Lord Mayor of Dublin, Paul McAuliffe said : “I look forward to seeing copies of Tatty in all our city libraries and book shop windows next April and I hope the number of people engaging with Dublin One City One Book continues to grow. There’s no excuse with so many free events and opportunities to pick up the book. This is the ultimate book club and the entire city is welcome to join. Let’s get reading, Dublin! ”
The Book
Tatty is the story of a Dublin family as told through the eyes of one of its children over a ten year period. During this time we see the destruction brought about by alcoholism as one little girl tries to come to terms with her parents’ drinking.
This is the story of a disturbed childhood, yet it is also filled with humour and love.
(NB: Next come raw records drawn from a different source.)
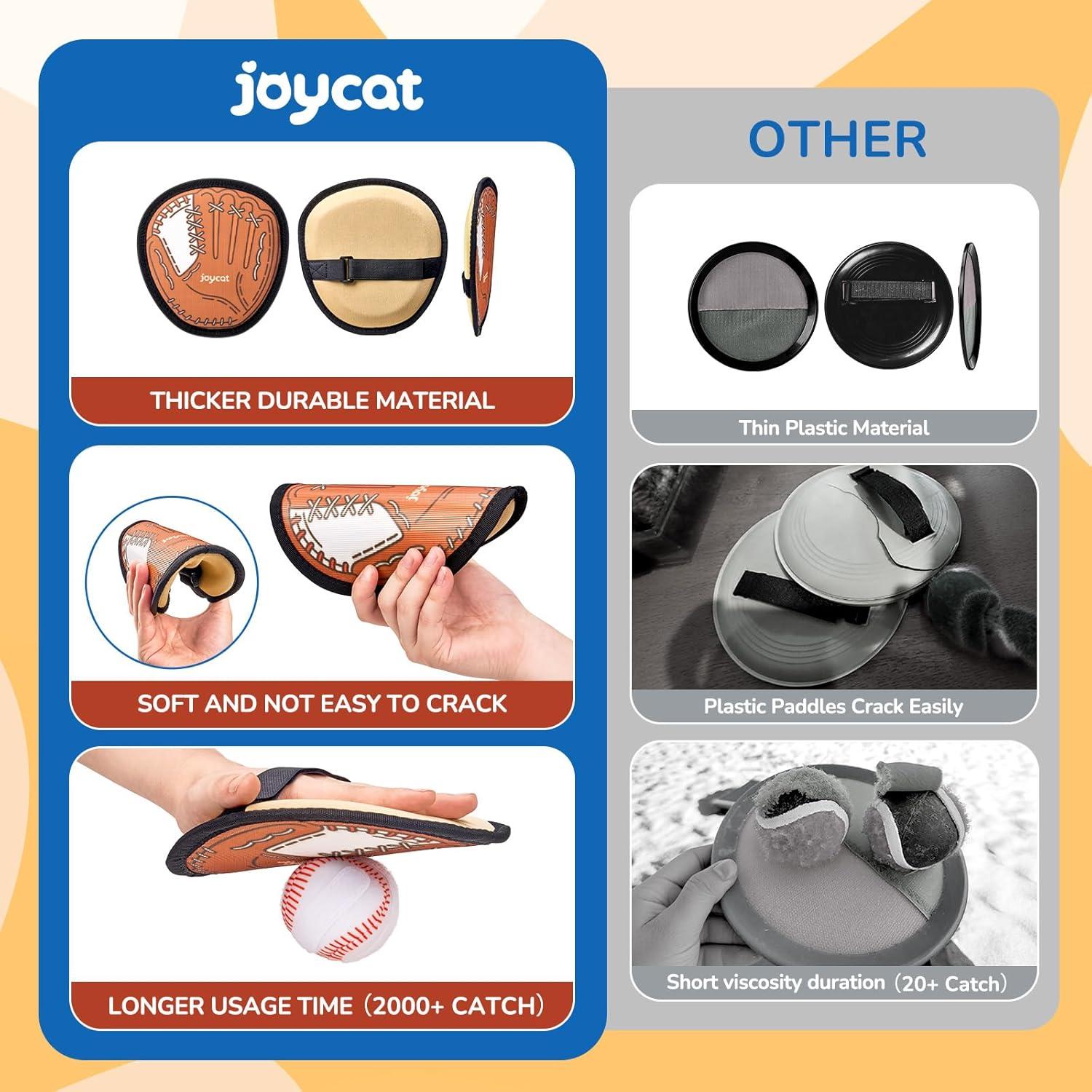 JoyCat Toss and Catch Ball Game for Kids,2 Paddles Outdoor Toys for Family Camping, Beach&Yard Games,Toddler Baseball Glove&Sticky Ball Set,Easter Basket Stuffers Birthday Gift for Boys Girls Age 3-12(4 Paddles 4 Balls(Brown))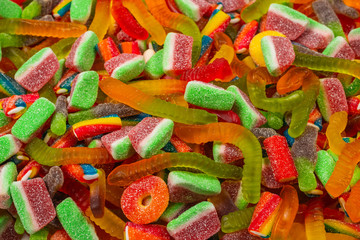 Assorted gummy candies. Top view. Jelly  sweets background.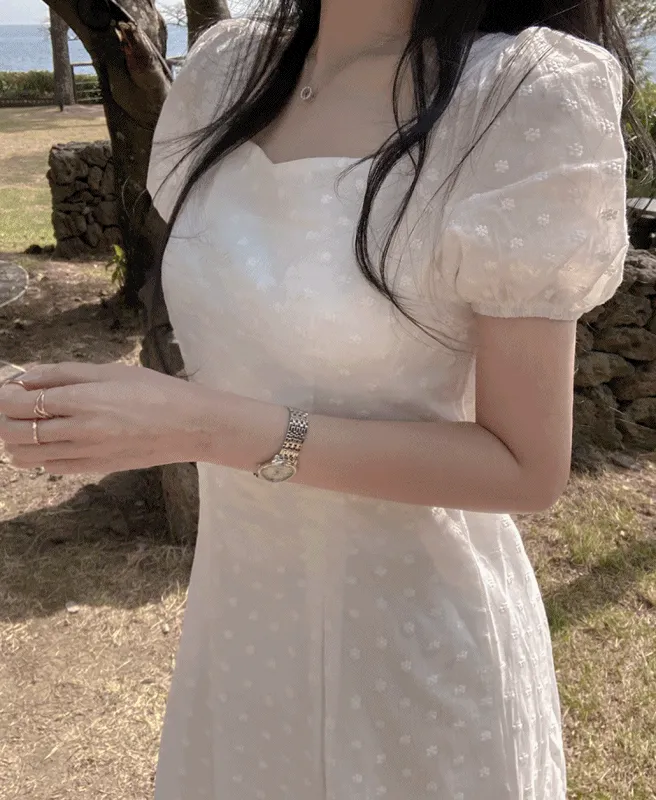 ハートネックフレアバックリボンパフスリーブ花柄刺繍ワンピース | ROMANTICLINE | 詳細画像1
Chapter by chapter, the child’s voice matures and her perception becomes more honed; we are left with a stunning portrait of a disintegrating family and the child lost within it.
The Author
Christine Dwyer Hickey is a novelist, playwright and short story writer. She has published eight novels, one collection of short stories and a full-length play.
Tatty was published by New Island Books (2004) and by Vintage UK (2005). It was shortlisted for Irish Novel of The Year 2005, listed as one of the 50 Irish Novels of the Decade at the Irish Book Awards 2010 and was nominated for the Orange Prize (now the Women’s Fiction Prize).
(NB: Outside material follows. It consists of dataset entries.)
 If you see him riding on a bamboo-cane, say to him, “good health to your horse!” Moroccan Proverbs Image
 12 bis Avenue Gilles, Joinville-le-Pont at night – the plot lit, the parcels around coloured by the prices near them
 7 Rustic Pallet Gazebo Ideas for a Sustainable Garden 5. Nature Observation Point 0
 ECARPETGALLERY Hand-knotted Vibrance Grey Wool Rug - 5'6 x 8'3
Her other Dublin works include the Dublin Trilogy, the story of a Dublin family from 1918-1960 (New Island 2006); the short story collection Parkgate Street and other Dublin Stories
(New Island 2013) and The Cold Eye of Heaven (Atlantic UK 2011) which won the Kerry Group Irish Novel of the Year 2012 and was nominated for the IMPAC Award 2013 (now the International Dublin Literary Award).
Last Train from Liguria (Atlantic UK 2009) set in Italy during Mussolini’s Fascist regime was nominated for the Prix L’Européen de Littérature .
Her latest novel The Narrow Land (Atlantic UK 2019) is set on Cape Cod in 1950 and examines the turbulent marriage of American artists Edward and Jo Hopper.
Christine’s stories have been published in anthologies and magazines worldwide and have won several awards the most recent of which was at for her story Back to Bones at the Irish Book Awards Short Story of the Year Award 2017.
Her play Snow Angels premiered at the Project Arts Theatre in 2014.
Her work has been widely translated into European and Arabic languages and she is an elected member of Aosdána, the Irish academy of arts.
Dublin One City One Book
Previous books featured are; At Swim Two Birds by Flann O’ Brien (2006), A Long Long Way by Sebastian Barry (2007), Gulliver’s Travels by Jonathan Swift (2008), Dracula by Bram Stoker (2009), The Picture of Dorian Grey by Oscar Wilde (2010), Ghost Light by Joseph O’Connor (2011), Dubliners by James Joyce (2012), Strumpet City by James Plunkett (2013), If Ever You Go: a map of Dublin in poetry and song edited by Pat Boran and Gerard Smyth (2014) and The Barrytown Trilogy by Roddy Doyle (2015); Fallen by Lia Mills (2016); Echoland by Joe Joyce (2017); The Long Gaze Back, An Anthology of Irish Women Writers edited by Sinéad Gleeson (2018); and The Country Girls Trilogy by Edna O’Brien (2019).